Another popular objection to design as an inference to the best explanation is that we only possess uniform and repeated experience of human agency. We do not have experience with non-human designers, much less non-material ones (which, in my judgment, any plausible contender for the role of designer would have to be). However, as Lydia McGrew points out, “Any attempt to use frequencies, either to make a straight inductive inference or to construct a likelihood for a Bayesian inference, must confront the problem of induction” (McGrew, 2004). In other words, it is always a possibility that a group which has some characteristic that differs in some way from the sample already analyzed differs also with respect to the very quality about which we are interested.
McGrew gives the analogy that there is always a possibility that prehistoric civilizations did not have the ability or desire to make arrowheads. Nevertheless, if we discover arrowheads that date to prehistoric times, it becomes irrational to reject the inference that the prehistoric arrowheads were produced by an intelligent agent simply due to the fact that he lived in a time period different from the other makers of arrowheads with which we are familiar. Why then, asks McGrew, should there be special hesitation about a similar use of induction when it comes to extrapolating from a known group to an unknown group in the ID debate? Why should the gap between human and non-human agents be of greater epistemic significance than that between human agents living in different time periods? It seems to be quite arbitrary.

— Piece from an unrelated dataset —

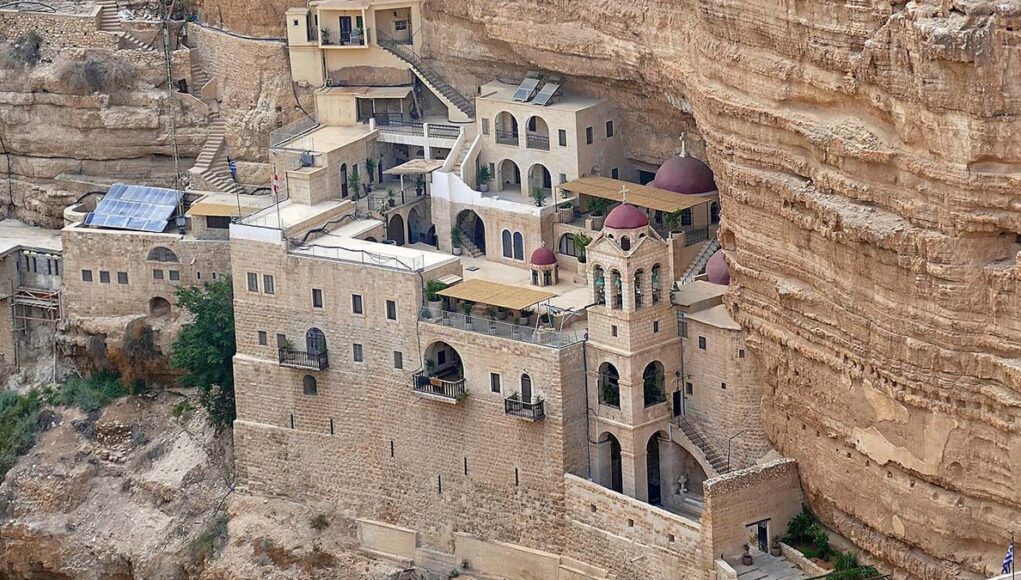 Jericho-St-George-monastery-Israel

The same principle may be applied to the objection that we have never observed intelligent agents design living objects, even those which are information rich and contain irreducibly complex machinery. As McGrew again points out, reference class difficulties always occur when induction is used. Indeed, an event or object may always be defined in such a way so as to make it unique with respect to some of its properties.
To conclude, I submit that Bayes Theorem represents a powerful way to model and structure one’s thinking, especially about proportioning one’s confidence in a conclusion relative to the strength of the available evidence, as well as informing one how one ought to update one’s belief in response to new evidence.

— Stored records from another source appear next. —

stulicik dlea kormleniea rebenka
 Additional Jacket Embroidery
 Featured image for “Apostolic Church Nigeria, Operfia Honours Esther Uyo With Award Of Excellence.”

The Bayesian formulation of biological design arguments is, in my opinion, deserving of greater attention. Bayesian inference is widely used when dealing with design in the physical sciences. Perhaps the time has come for this structure of argument also to be used in design arguments in the life sciences.
 McGrew, L. (2004) “Testability, Likelihoods, and Design.” Philo 7(1):5-21.
 McGrew, Timothy. (2005) “Toward a Rational Reconstruction of Design Inferences.” Philosophia Christi 7:253–98.
 Barnes, L.A. (2018) “Fine-tuning in the context of Bayesian theory testing.” European Journal for Philosophy of Science 8:253-269.